Captioned web images
+++

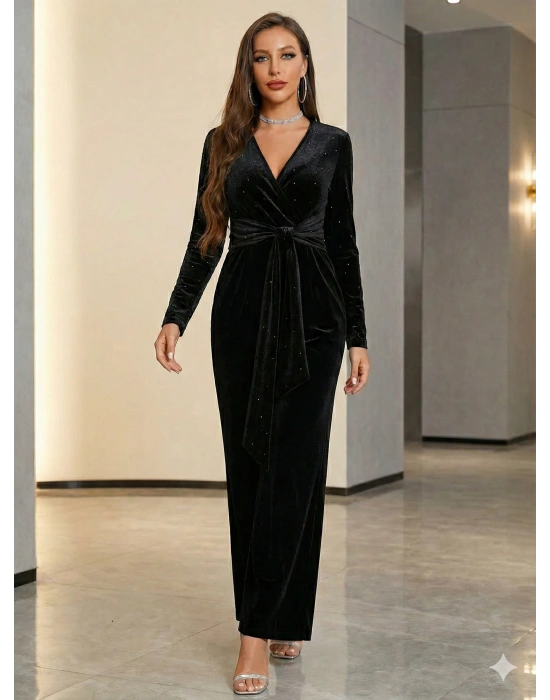 Kadın Uzun Kollu Kruvaze Yakalı Belden Kuşaklı ışıltılı Kadife Tulum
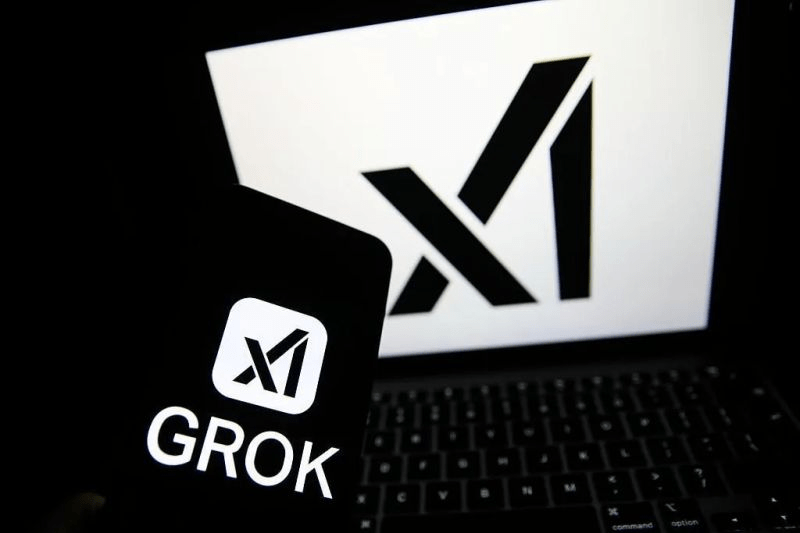 Grok AI chatbot logo displayed alongside xAI branding amid India’s order to restrict obscene AI-generated content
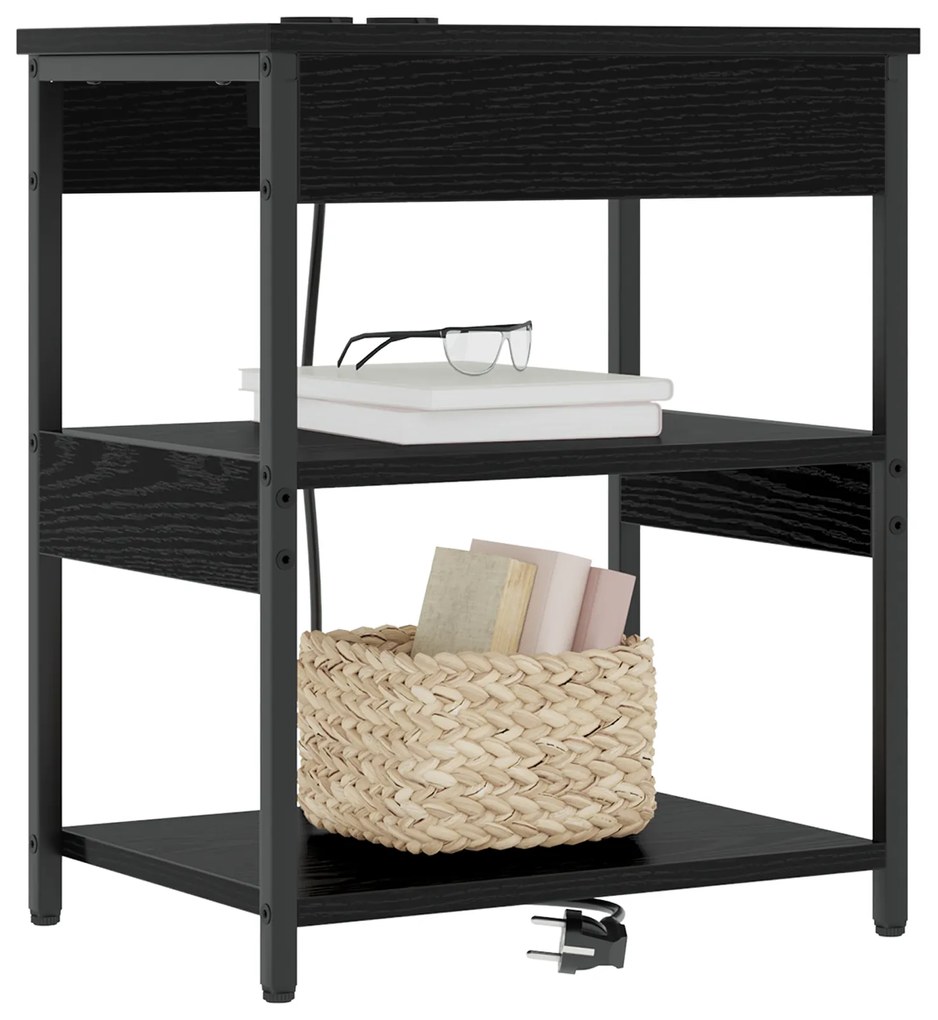 vidaXL Κουτιά Κρεβατοκάμαρας 2 pcs Μαύρη δρυς 41 x 31 x 51 εκ.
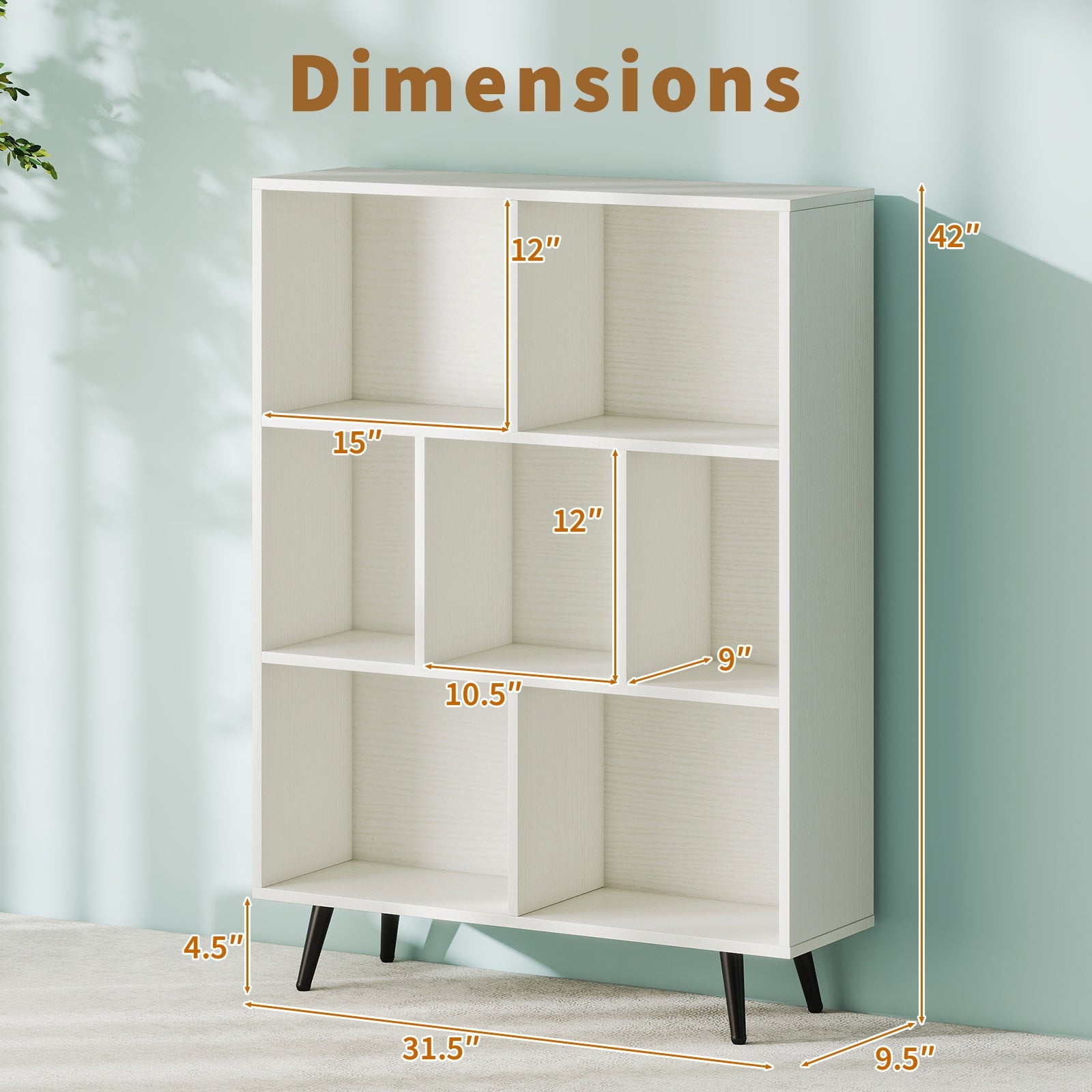 7/8/10-Cube Bookcase with 5 Tapered Metal Legs-7 Cubes Bookcases at Gallery Canada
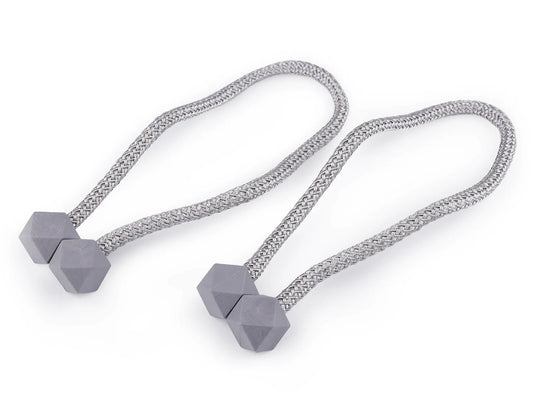 Curtain holder with magnet - grey (2 pcs in a set)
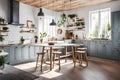 a Scandinavian kitchen with a cozy breakfast nook, pendant lights, and Scandinavian-inspired decor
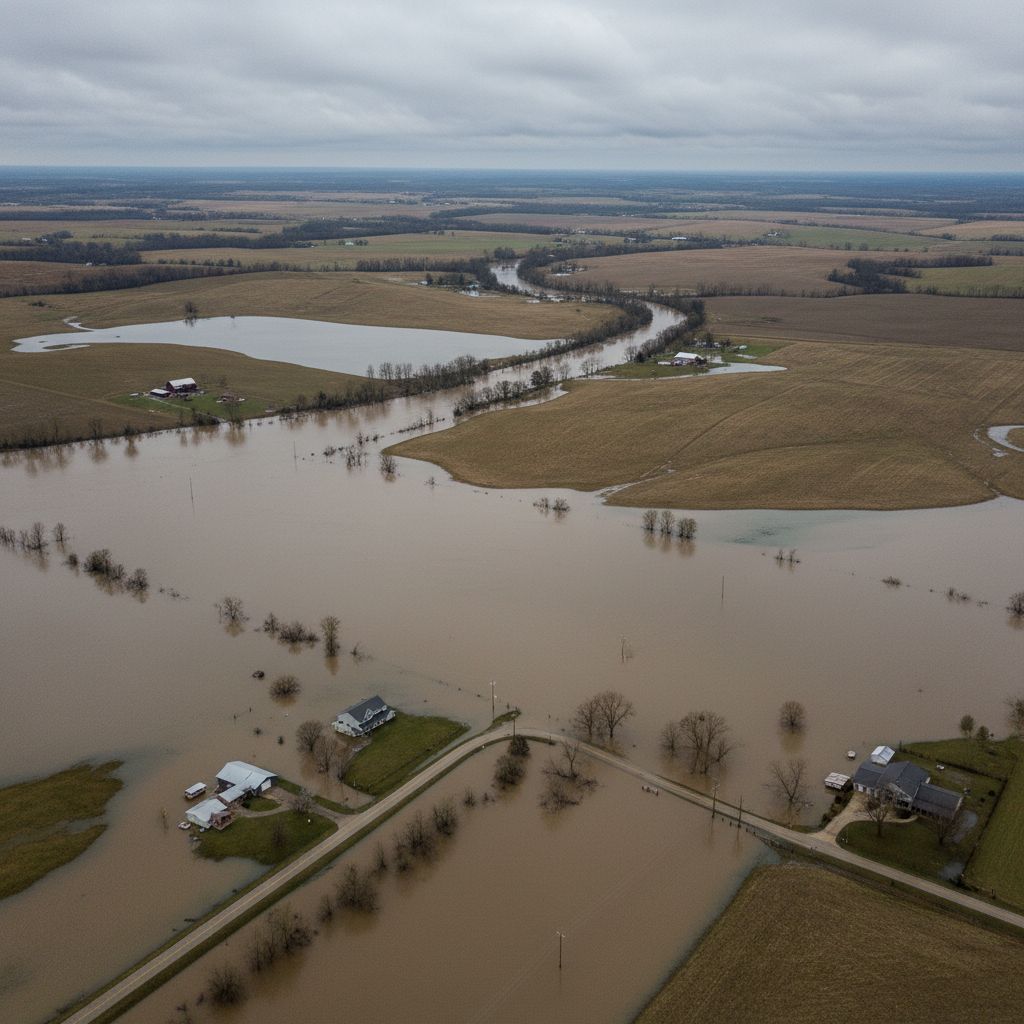Aerial view of river flooding across agricultural plains after heavy rainfall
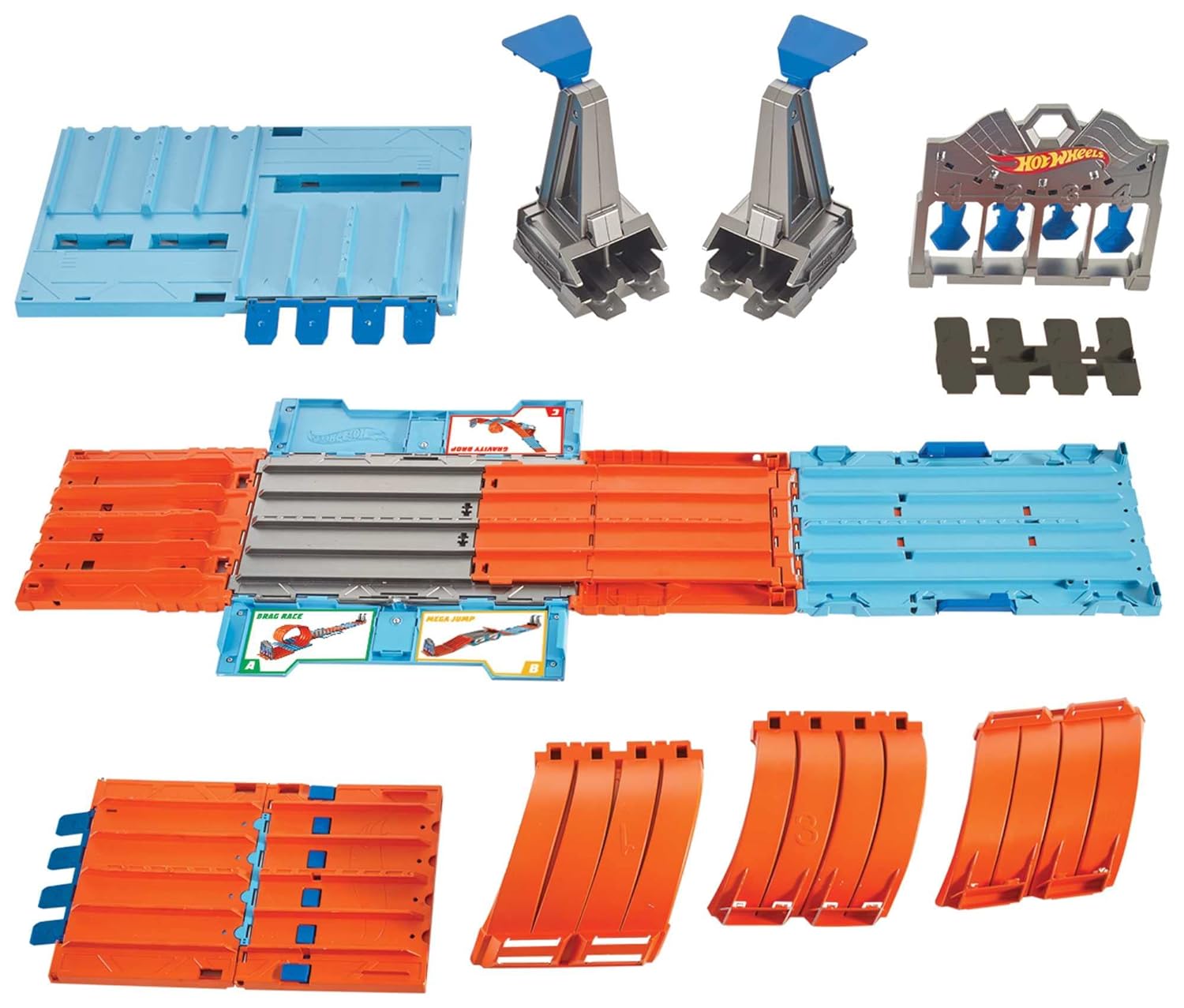 Hot Wheels Race Crate with 3 Stunts in 1 Set Portable Storage for Kids Ages 6 to10 Years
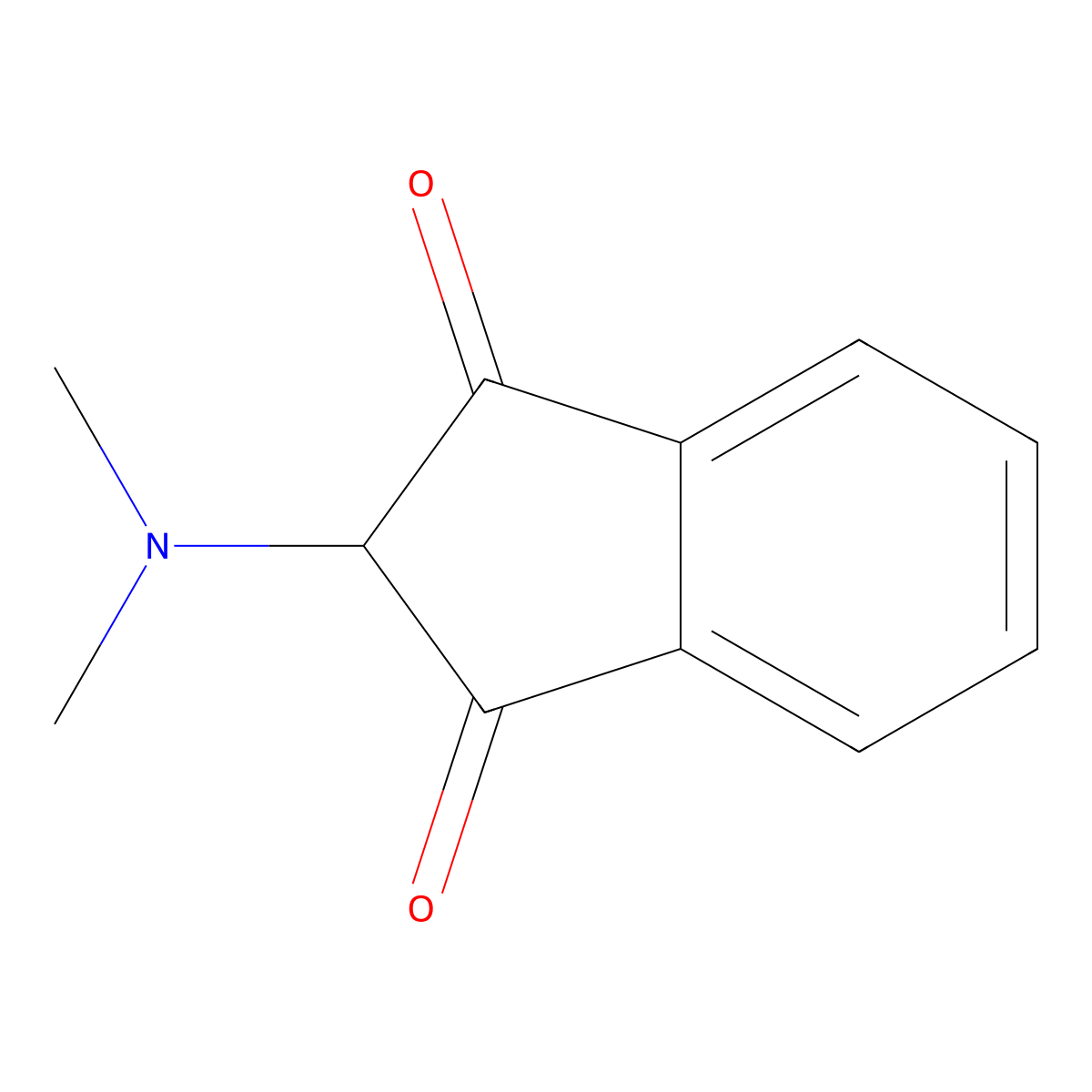 2-(Dimethylamino)-1H-indene-1,3(2H)-dione molecular structure, CAS 78400-37-0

+++

• _What you need to do_:
Print the data again, word for word, without any pictures.

• _Response_:
 Kadın Uzun Kollu Kruvaze Yakalı Belden Kuşaklı ışıltılı Kadife Tulum
 Grok AI chatbot logo displayed alongside xAI branding amid India’s order to restrict obscene AI-generated content
 vidaXL Κουτιά Κρεβατοκάμαρας 2 pcs Μαύρη δρυς 41 x 31 x 51 εκ.
 7/8/10-Cube Bookcase with 5 Tapered Metal Legs-7 Cubes Bookcases at Gallery Canada
 Curtain holder with magnet - grey (2 pcs in a set)
 a Scandinavian kitchen with a cozy breakfast nook, pendant lights, and Scandinavian-inspired decor
Aerial view of river flooding across agricultural plains after heavy rainfall
 Hot Wheels Race Crate with 3 Stunts in 1 Set Portable Storage for Kids Ages 6 to10 Years
 2-(Dimethylamino)-1H-indene-1,3(2H)-dione molecular structure, CAS 78400-37-0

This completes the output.